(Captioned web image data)
════════════════

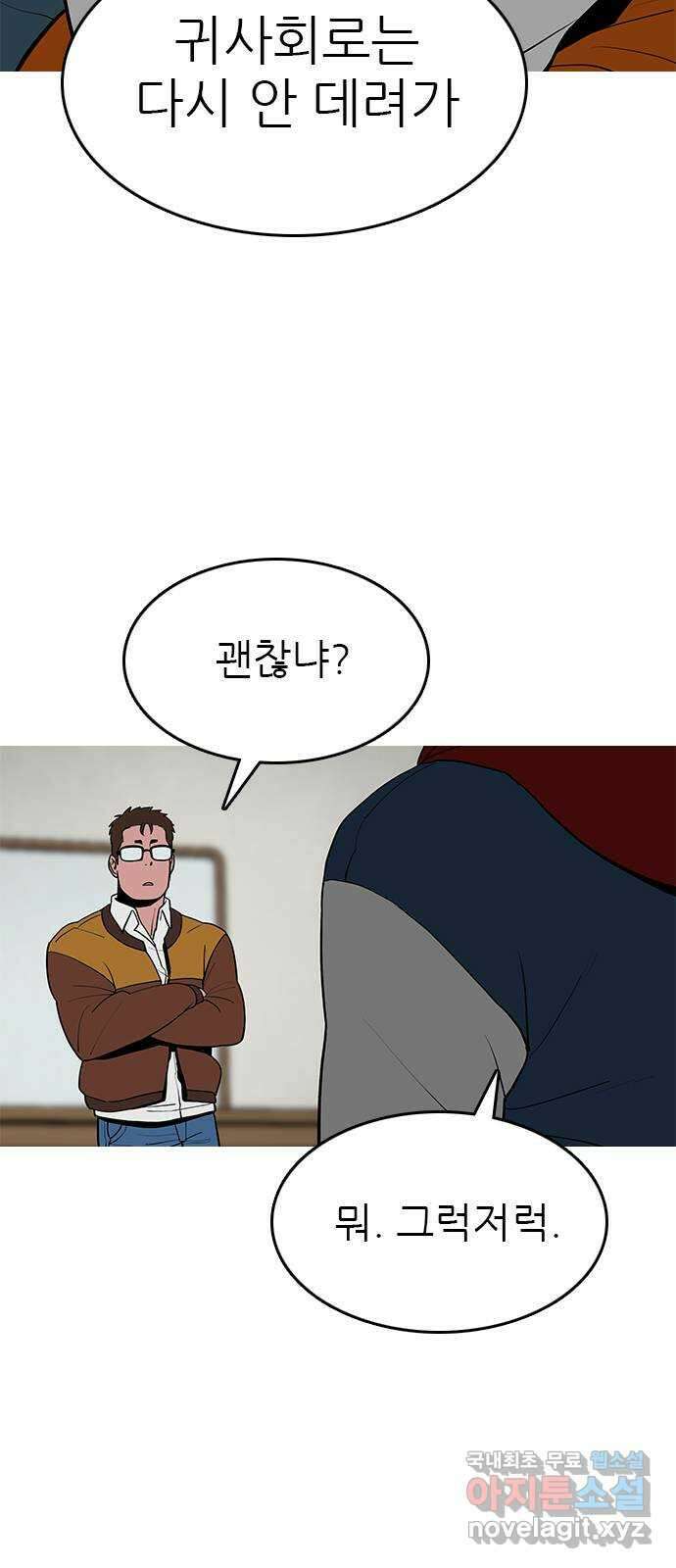 도깨비 부른다 43화 8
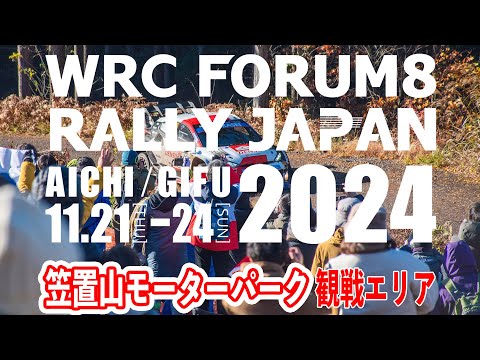 ラリージャパン2024笠置山モーターパーク観戦エリア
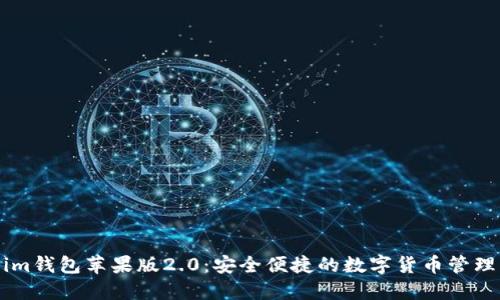Token.im钱包苹果版2.0：安全便捷的数字货币管理新体验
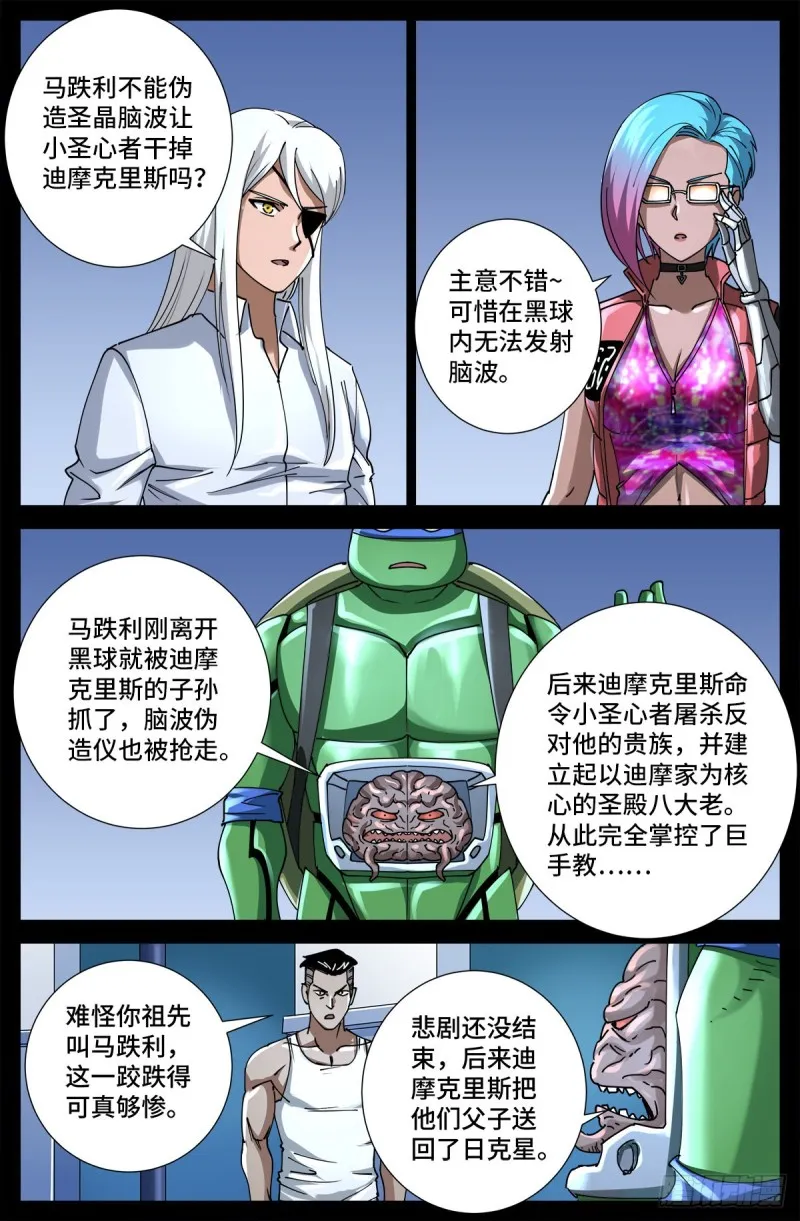 第723话 真正的恶魔 第10页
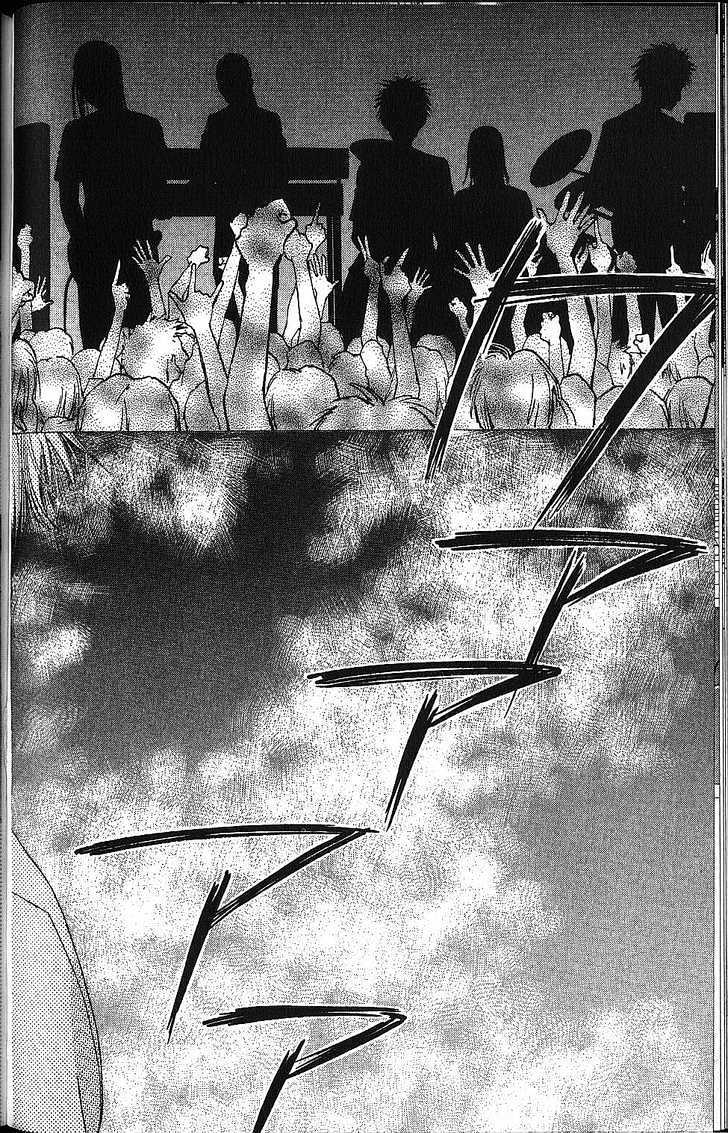 Kareshi Kanojo no Jijou Chapter 55 page 6 - Chapter 55 : Yin and Yang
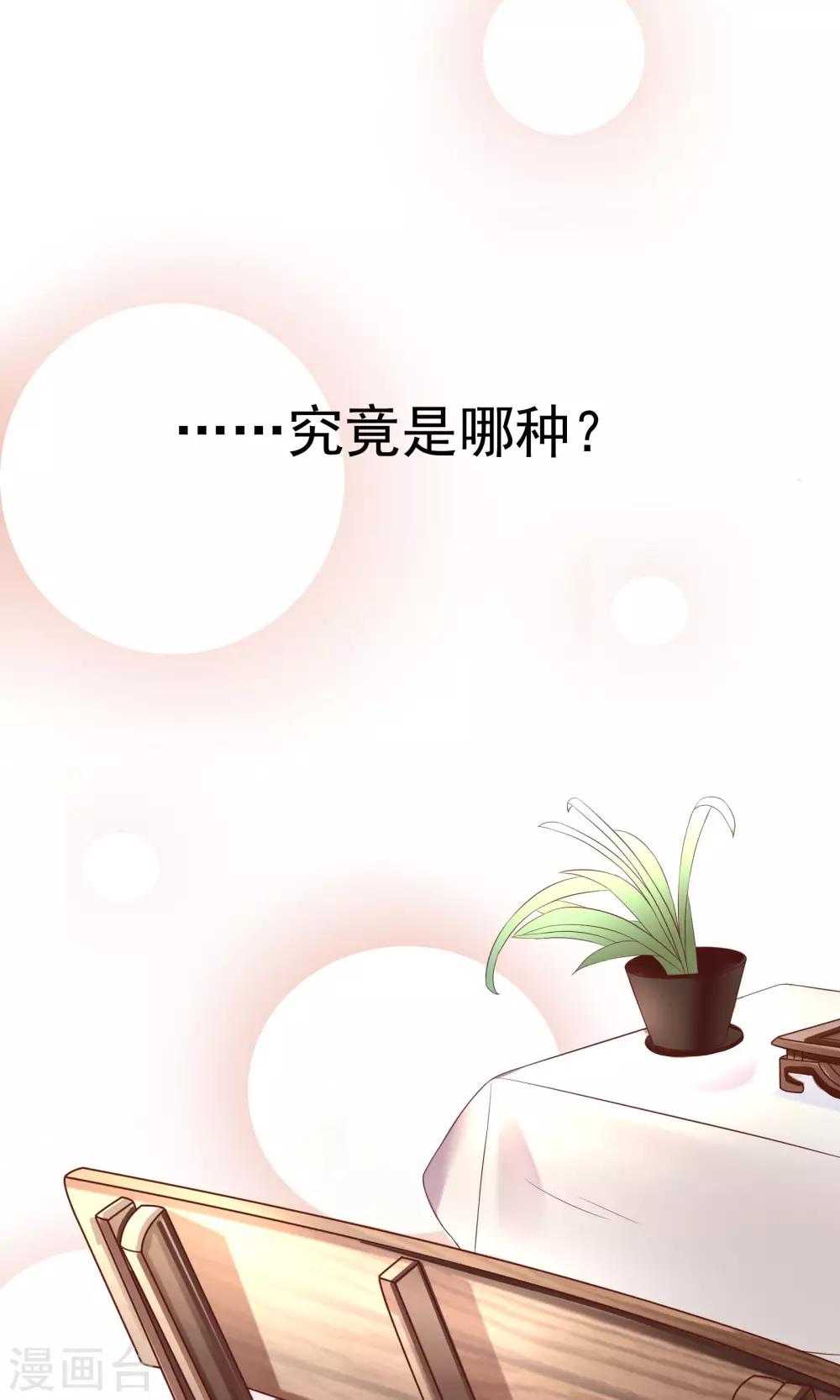 第31话27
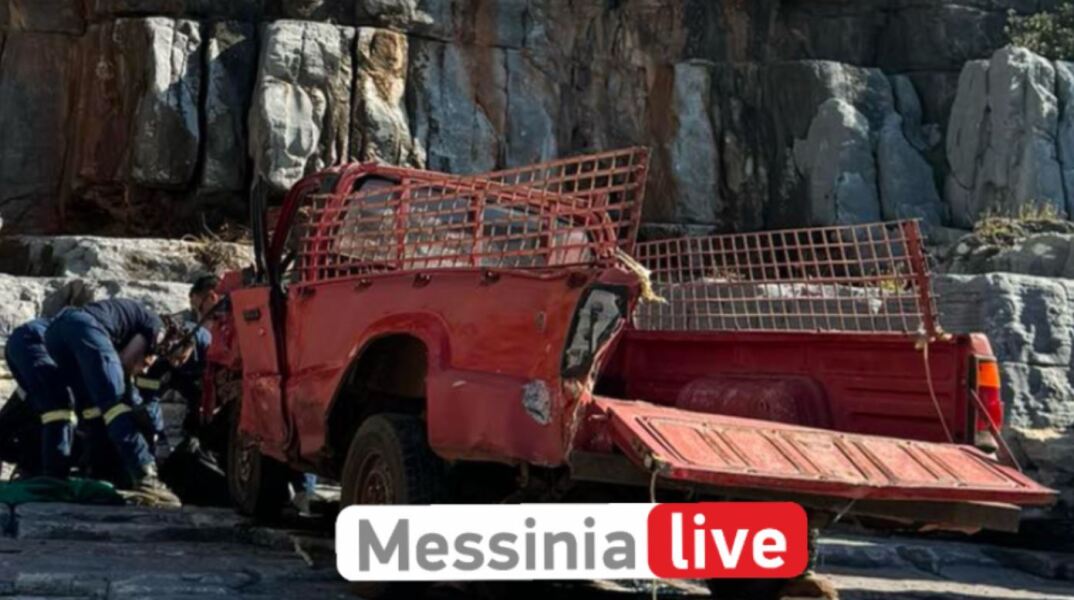 Νεκρός 95χρονος που έπεσε σε γκρεμό 20 μέτρων με το αγροτικό του στη Μάνη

════════════════

* Your instructions: Repeat the data above word for word, without pictures.

* Response box:
 도깨비 부른다 43화 8
 ラリージャパン2024笠置山モーターパーク観戦エリア
Token.im钱包苹果版2.0：安全便捷的数字货币管理新体验
 第723话 真正的恶魔 第10页
 Kareshi Kanojo no Jijou Chapter 55 page 6 - Chapter 55 : Yin and Yang
 第31话27
 Νεκρός 95χρονος που έπεσε σε γκρεμό 20 μέτρων με το αγροτικό του στη Μάνη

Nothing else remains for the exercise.